__Assignment__: Given the entries below, would you transcribe exactly the lines starting at the one with "So let's look" and ending at the one with "So if you take", both kept, pictures omitted, nothing extra?

__Dataset entries__:
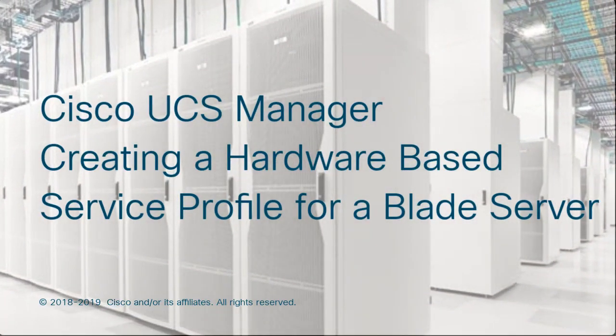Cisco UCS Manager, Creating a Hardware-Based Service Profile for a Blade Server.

...

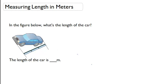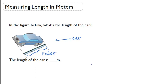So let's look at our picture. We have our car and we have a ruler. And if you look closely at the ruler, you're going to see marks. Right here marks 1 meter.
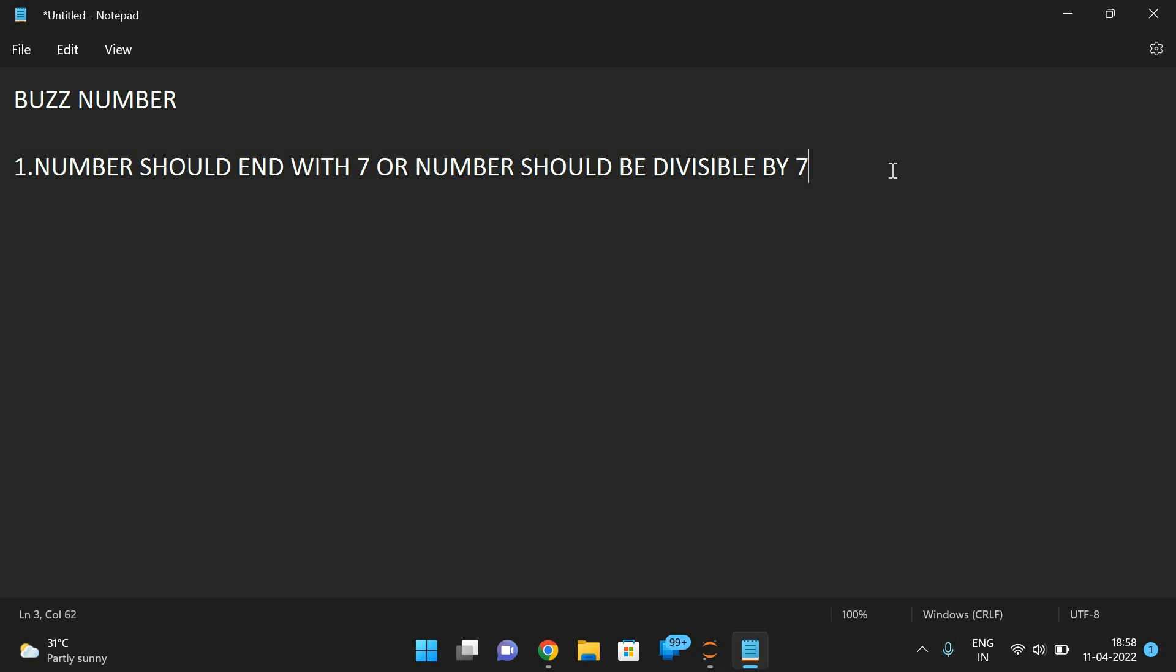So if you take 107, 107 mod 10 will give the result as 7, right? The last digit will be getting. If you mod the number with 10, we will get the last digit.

__Task answer__:
So let's look at our picture. We have our car and we have a ruler. And if you look closely at the ruler, you're going to see marks. Right here marks 1 meter.
So if you take 107, 107 mod 10 will give the result as 7, right? The last digit will be getting. If you mod the number with 10, we will get the last digit.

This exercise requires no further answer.